Suite à l’analyse génétique, les chercheurs ont trouvé que trois de ces espèces étaient en fait similaires à trois autres, réduisant ainsi le nombre d’espèces de Mobula à six. Ensuite, et c’est la grosse surprise : le genre Manta est supprimé du vocabulaire scientifique ! En effet les raies Manta, qui avaient leur genre bien à elle, ont montré très peu (trop peu) de différences génétiques avec leurs cousines les Mobula et se retrouvent donc regroupées avec le reste des espèces de Mobula, portant ainsi le nombre total d’espèces du genre Mobula à 8 !
Quelle conséquence ?
Pour la communauté scientifique, cette information est importante pour avoir un arbre phylogénétique le plus juste possible. A des fins de conservation, il est important de bien connaître les espèces, leur nombre et les caractéristiques des individus qui les composent, afin d’être sûre d’apporter les protections les mieux adaptées possible à chaque espèce. Aujourd’hui en ce qui concerne les raies Manta, le nom scientifique de la raie Manta de Récif, ce n’est plus Manta alfredi, mais Mobula alfredi. Et pour la raie Manta Géante, ce n’est plus Manta birostris, mais Mobula birostris.

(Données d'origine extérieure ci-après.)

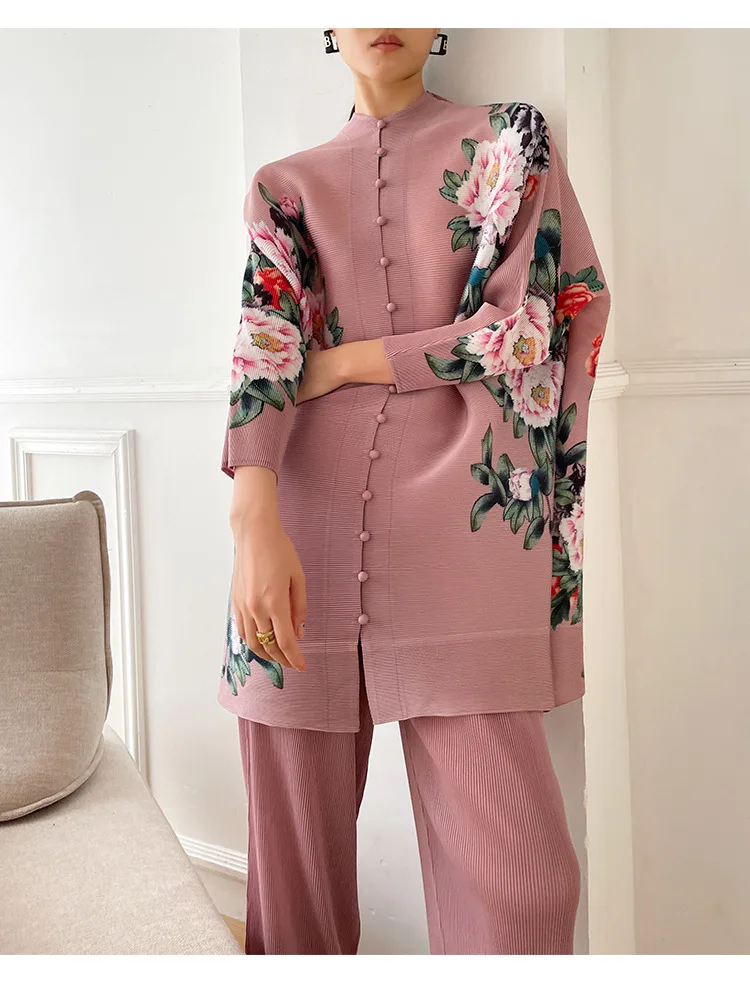SIPO 2023 Summer New Design Muslim Floral Printed Pleated Shirt Women Sets Modest Fashion 2 Piece Co Ord Set Modest Wear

Une raie Mobula alfredi dans le lagon de Maupiti. Crédit Photo : Maupiti Diving
Ceci dit, le nom de Manta n’est pas près de disparaître. La célébrité de ces animaux a fait en sorte que ce nom reste à jamais associé à ces géants des mers fascinants bien connus des passionnés de plongée sous-marine.
Pour lire la publication scientifique (en anglais), elle est accessible ici : White et al (2017) Phylogeny of the manta and devilrays (Chondrichthyes: mobulidae), with an updated taxonomic arrangement for the family
Genre = ensemble d'animaux qui regroupent un certain nombre de caractères similaires
Elasmobranches = sous-classes des chondrichtyens (classe de poissons à squelette cartilagineux) qui comprend les raies et les requins.
Arbre phylogénétique = représentation schématique en forme de buisson qui montre la parenté entre les espèces, dont chaque intersection représente l'ancêtre commun des branches qui suivent.